The CFAA, he wrote, applies primarily to unauthorized access involving external hackers. The definition of "exceeds authorized access" under the CFAA applies mainly to people who have no authorized access to the computer at all. The term would also apply to insiders who might have legitimate access to a system but not to specific information or files on the system Applying the language in the CFAA any other way would turn it into a "sweeping Internet-policing mandate," he wrote.

"Consider the typical corporate policy that computers can be used only for business purposes. What exactly is a 'nonbusiness purpose'?" he wrote. "If you use the computer to check the weather report for a business trip? For the company softball game? For your vacation to Hawaii?

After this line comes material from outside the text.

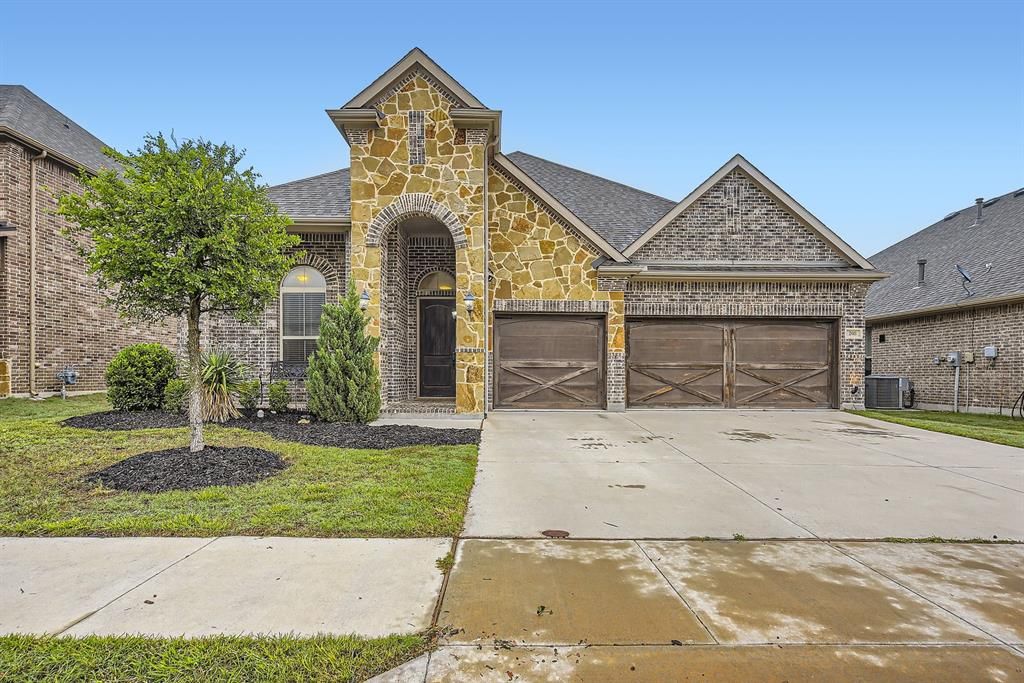 208 Cross Fox Lane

And if minor personal uses are tolerated, how can an employee be on notice of what constitutes a violation sufficient to trigger criminal liability?"

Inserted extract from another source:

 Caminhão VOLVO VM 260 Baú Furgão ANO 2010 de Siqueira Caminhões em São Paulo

Kozinski acknowledged that other appellate courts have applied the CFAA more broadly to apply to violations of corporate computer use restrictions or violations of a "duty of loyality". In his opinion, Koznski said he was not persuaded by the decisions of the other courts and insisted that the term "exceeds authorized access" was meant to be applied in a very narrow and specific context.

"Basing criminal liability on violations of private computer use polices can transform whole categories of otherwise innocuous behavior into federal crimes simply because a computer is involved," he said. "Employees who call family members from their work phones will become criminals if they send an email instead.".

In a dissenting opinion, Circuit Judges Barry Silverman and Richard Tallman wrote that the majority had taken a clearly written federal statute and parsed it in a manner that distorts the original intent.